Sieben Stadien für die FIFA Fussball-Weltmeisterschaft Russland 2018™ sind noch im Bau und nähern sich der Fertigstellung. In mehreren dieser Arenen wurden jetzt der Rasen verlegt. Die weiteren Spielstätten, nämlich die vier, die bereits beim FIFA Konföderationen-Pokal 2017 genutzt wurden, sowie das Luschniki-Stadion in Moskau, sind fertig gestellt und bereit für die Ausrichtung von Spielen auf höchstem Niveau.

Derzeit wird der Rasen in der Jekaterinburg-Arena verlegt, während er in der Rostow-Arena und im Nischni-Nowgorod-Stadion dank des warmen Wetters bereits prächtig gedeiht. Auch im Kaliningrad-Stadion soll der Rasen in der kommenden Woche angelegt werden.
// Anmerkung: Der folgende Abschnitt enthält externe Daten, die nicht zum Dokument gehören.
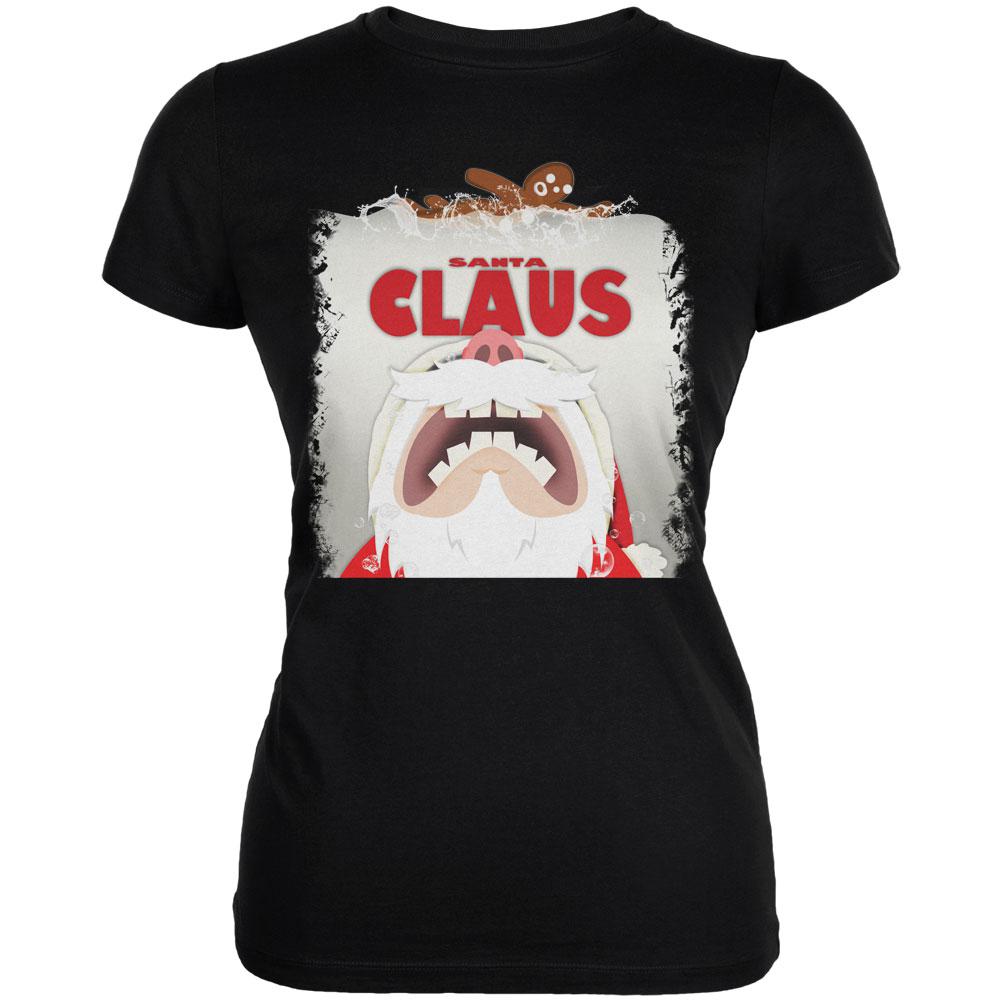 Christmas Santa Jaws Claus Horror Black Juniors Soft T-Shirt Juniors T-Shirts Old Glory 2XL Black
Die Experten haben alle dafür erforderlichen Vorarbeiten abgeschlossen. Auch die Arbeiten an der mehr als 15.000 Tonnen schweren Metallkonstruktion des westlichsten Stadions der WM 2018 wurden abgeschlossen.

Der Leiter des Bauunternehmens in Jekaterinburg hat bestätigt, dass die Arbeiten an der Überdachung des Stadions beendet sind.

In der Wolgograd-Arena, in der vier WM-Partien ausgetragen werden, wurde der höchste Punkt der Tragseilkonstruktion erreicht, die nun 49,5 Meter in den Himmel ragt. Nun kann mit dem Einbau der insgesamt 77.000 Quadratmeter großen Membranbespannung werden.

Auch in Saransk gehen die Arbeiten zügig voran. Hier werden derzeit die internen und externen Versorgungsleitungen für die Mordwinien-Arena verlegt. Zudem wird die technische Ausrüstung für das Spielfeld eingebaut, ebenso wie die Aufzüge. Insgesamt sind auf der Baustelle 1.496 Menschen beschäftigt.

Auf der Baustelle der Samara-Arena wurden ebenfalls große Fortschritte erzielt: 95 der 96 Blöcke der Kuppelstruktur sind bereits eingebaut. Inzwischen wurde auch mit den Vorbereitungen für die Modernisierung des Stadion-Umfeldes begonnen. Das frühere Rundfunkzentrum wurde abgerissen und die Bauplätze für die neu zu errichtenden Gebäude wurden planiert.